If we get technical, Festivus could have roots that date back to 1966, when Dan O'Keefe (the "Seinfeld") writer introduced Festivus into its plotline. It was his father who first dreamed up the holiday. The episode's tagline, "Festivus is for the rest of the us!" was a huge success.

Holiday traditions

This holiday includes a number of traditions that are appropriate for the second year of a pandemic.

Festivus tradition calls for an additional ceremony called the "airing grievances," in which you can tell people how you're disappointed. If "Seinfeld" was still making new episodes, I am sure they would expand Festivus to allow you to complain all about the pandemic or anything else in your life.

I for one will be content to sit around a scrappy, salvaged pole complaining my head off. I'll rant about the missed family gatherings, missed friends dates, and missed playdates with my child. I'll even complain about missing opportunities to meet a stranger, make a new friend, or a neighbor, and have a fresh start, a breather of life. It makes me feel better to think about all the complaining and about the fact that 2021 was released in one big swoop. All in the name Festivus!

I hope to feel better, be thankful for my family's health, and that my toddler will have more time ripping wrap paper and playing with my box of toys that took so long to arrive.

Although I understand that venting my frustrations can be therapeutic, too much complaining (as with too much of anything) might not be good for me.

Guy Winch, a New York-based psychologist, said that it is important to differentiate between two types grievances. These are those that we cannot do anything about and those that we would like to solve. He was speaking in an interview with Guy Winch.

Winch stated that if your grievances revolve around things beyond your control such as illness, cancellations of holiday plans, or job stress, then you can "by all means, stand by that pole and vent"

If you can control the grievance, shouting at others and listening to them might not work. Winch suggested that instead of yelling at someone about their grievance, you should "scream into the abyss, but don't cause tension or fights that could ruin what would otherwise have been a lovely (tongue in cheek) celebration of pettiness.

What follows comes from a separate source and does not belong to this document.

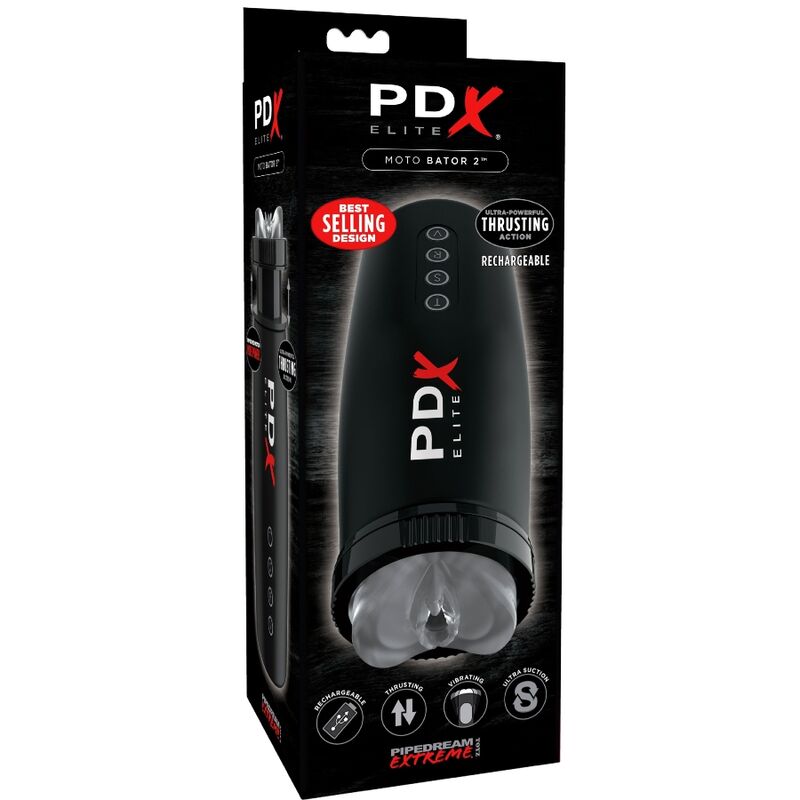PDX ELITE - STROKER ULTRAKRAFTFULL UPPLADDNINGSBAR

Tina Gilbertson, a Denver-based psychologist and author of "Constructive Wallowing" (How to Beat Bad Feelings By letting Yourself Have them), says that complaining is not a good strategy.

In an earlier interview, she stated that "airing your grievances" is only half of the battle for feeling better. You can either have someone validate your grievances or you can do it yourself. If you say that you hate feeling trapped at your home, give it a reply like "Yes!" To heal, every grievance must be witnessed by someone compassionate.

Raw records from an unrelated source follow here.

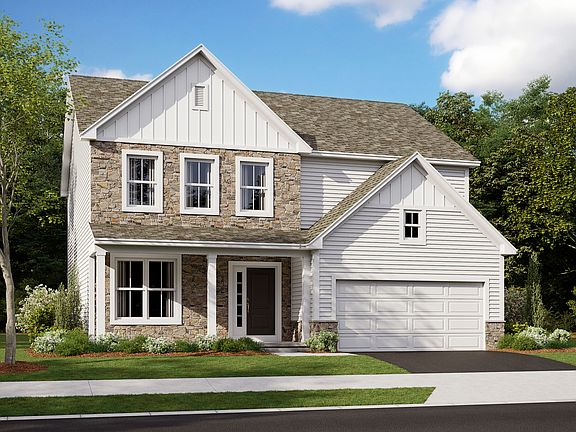 Evanston Elevation D w Opt. Stone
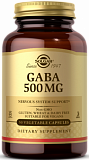 Solgar GABA 500 mg Vegetable Capsules 50 капсул
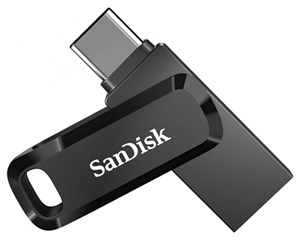 Накопитель USB SanDisk Ultra Dual Drive Go USB Type-C 64Gb SDDDC3-064G-G46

If you want to really get into the spirit of Festivus law, then the pole and grievances should be followed by an attempt at literally pining down everyone around. If you are trying to quarantine or avoid unvaccinated relatives or if they cook dinner, this is probably not the best idea. It could be therapeutic to fight your housemates and release some tension, provided that no one is hurt.

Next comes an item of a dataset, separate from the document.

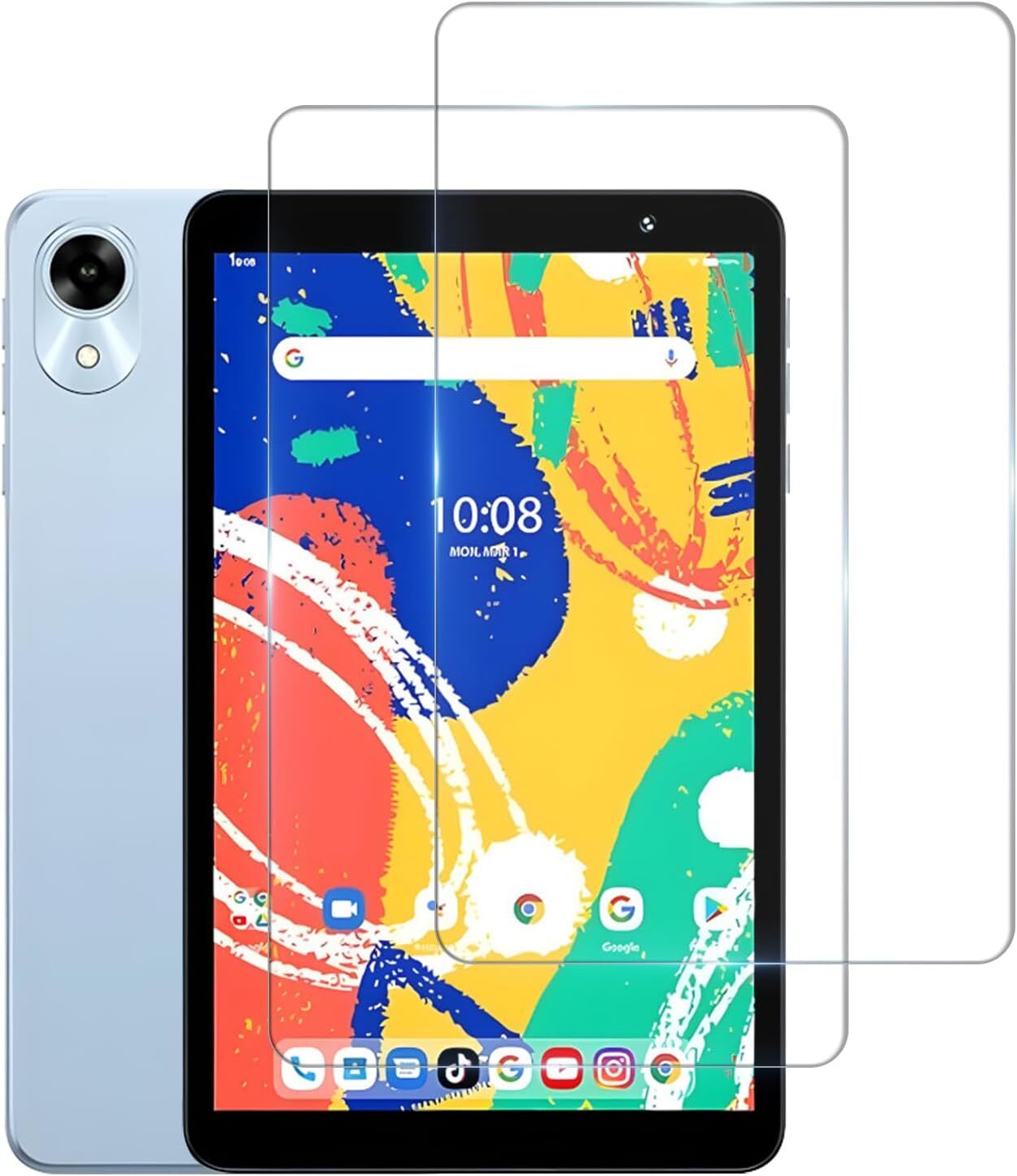 2PCS Tempered Glass Screen Protector Cover For UMIDIGI G1 Tab Mini 8 inch Tablet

Yet, it is important to take a moment before you go all out.

David Susman, a Lexington-based psychologist, said via email that he believes the "airing of grievances" depicted in "Seinfeld" is the last thing we need in this year.

"With the added stresses from COVID-19 and political strife, racial unrest, and racial conflict from 2020, it is important to focus now on positivity and healing," said Susman, who is also assistant professor of psychology at University of Kentucky.

You are a party pooper.

Festivus is a holiday that was born from American television. It's not for everyone, but it's for many of us. Let's not be shy about voicing our grievances. You might try to find a little bit of positivity, since even George Costanza's father smiled every once in a while.

This story was updated from a December 2020 article.